L’homme «capable», pour reprendre l’expression de Paul Ricœur, n’est pas tout puissant. Il est aussi habité par de multiples fragilités internes, par des incapacités. Cette question de la vulnérabilité est revenue au-devant de la scène (y compris politique) avec la pandémie. On a bien vu comment sa prise en compte a infléchi le discours présidentiel, notamment dans ses hommages aux travailleurs des «premières lignes», autrement dit aux «derniers» de cordée. Au printemps 2020, Macron avait mis en avant les termes de la déclaration des Droits de l’homme de 1789 : les distinctions sociales ne sont justifiées qu’en référence à l’utilité commune. Comme le dit Saint-Just, la force des choses nous conduit parfois là où nous ne voulions pas aller… Qu’en sera-t-il vraiment ? Ce qui est certain, c’est que la gouvernance par les chiffres s’est heurtée à l’imprévisibilité du réel. La pandémie a mis en défaut la rationalité néolibérale selon laquelle tout est calculable.

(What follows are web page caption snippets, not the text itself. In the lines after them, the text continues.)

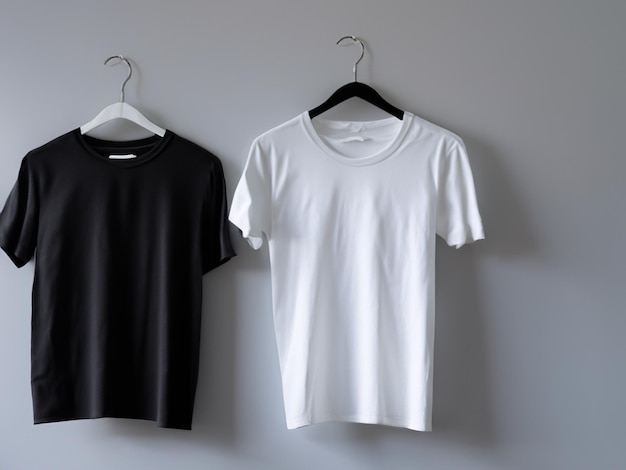 Realistic tshirt mockup Blank black and white tshirt on hanger Tshirt Mockup Design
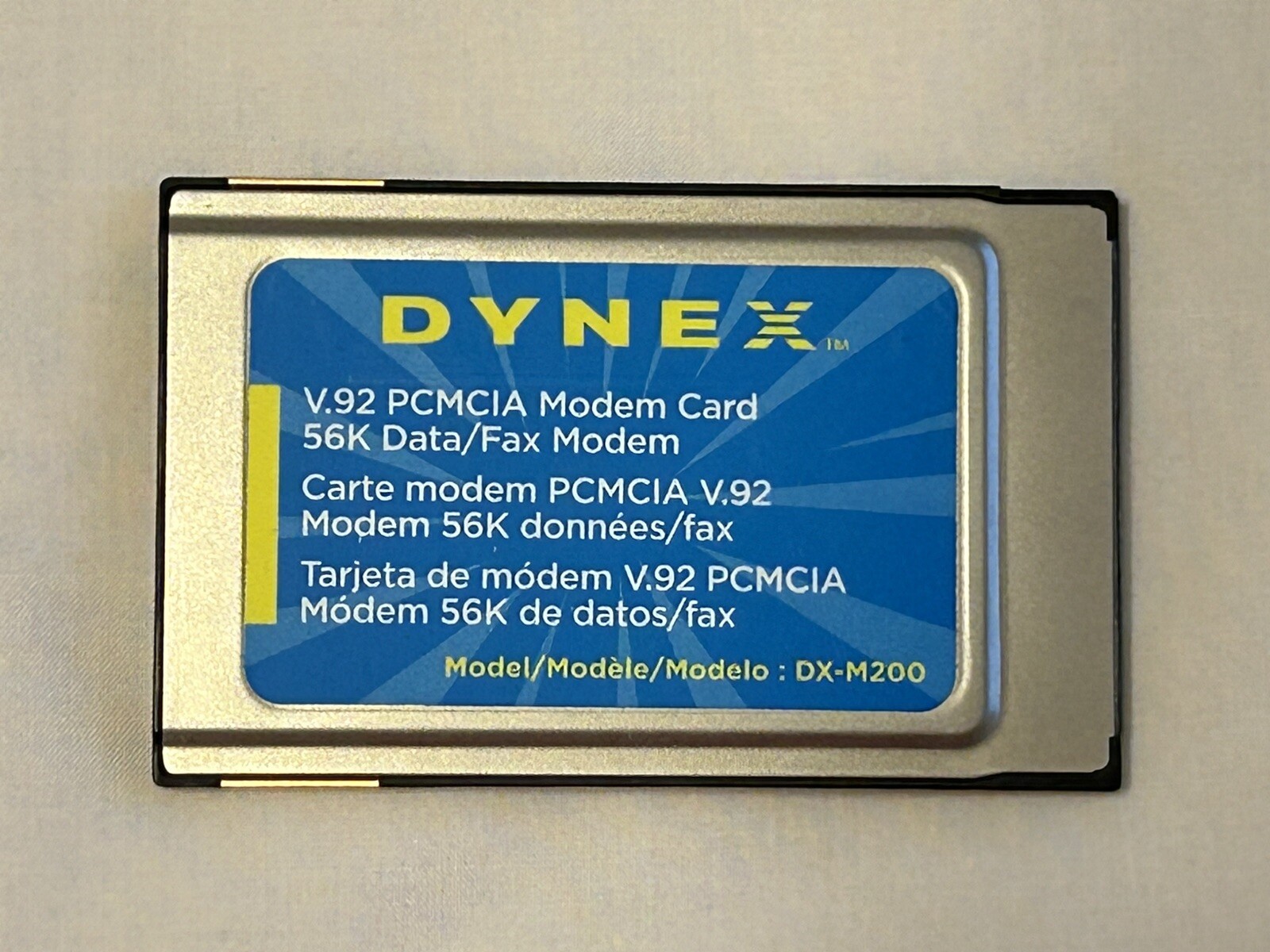 Dynex 56k Data/Fax PCMCIA Modem PC Card V.92 DX-M200 P/N: 2400-1921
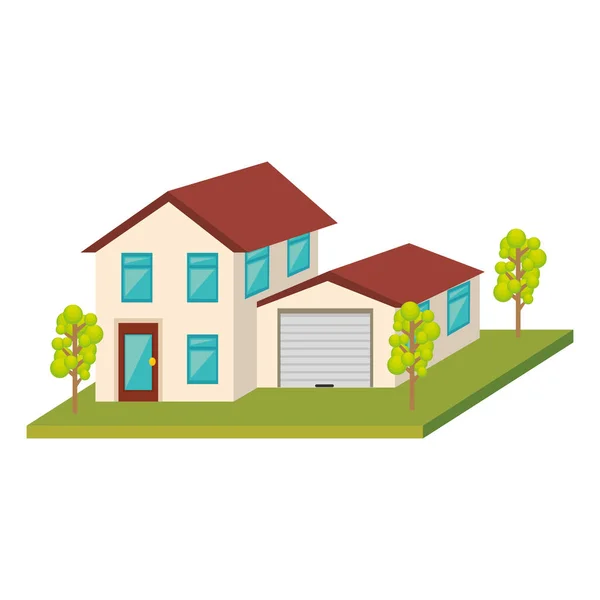 Exterior cute house icon — Stock Vector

Il y a une contradiction interne chez Macron sur ce sujet. Lorsqu’il explique que l’Etat doit être un «investisseur social», il se réfère implicitement à la théorie du «capital humain», autrement dit à l’idée selon laquelle l’action publique doit aider les individus à développer leur potentiel pour s’insérer dans le marché du travail et de la consommation, pour gagner des compétences et créer de la richesse. Mais à supposer même que la finalité de l’Etat soit d’assumer cette fonction, encore faut-il qu’il investisse à long terme dans la recherche et l’enseignement. Or, la loi recherche récemment votée témoigne d’une logique purement gestionnaire et ne fait que précariser encore davantage le secteur. Quant à l’enseignement supérieur, la réouverture des universités, qui accueillent généralement des étudiants moins favorisés sur le plan social, se fait de manière totalement chaotique alors que les classes prépas aux grandes écoles n’ont jamais cessé d’accueillir les étudiants. C’est sans doute l’un des scandales qui, en temps de pandémie, révèlent la misère structurelle des universités à laquelle l’Etat comme «investisseur social» aurait pour première tâche de remédier. Il est à craindre qu’il n’en prenne pas le chemin.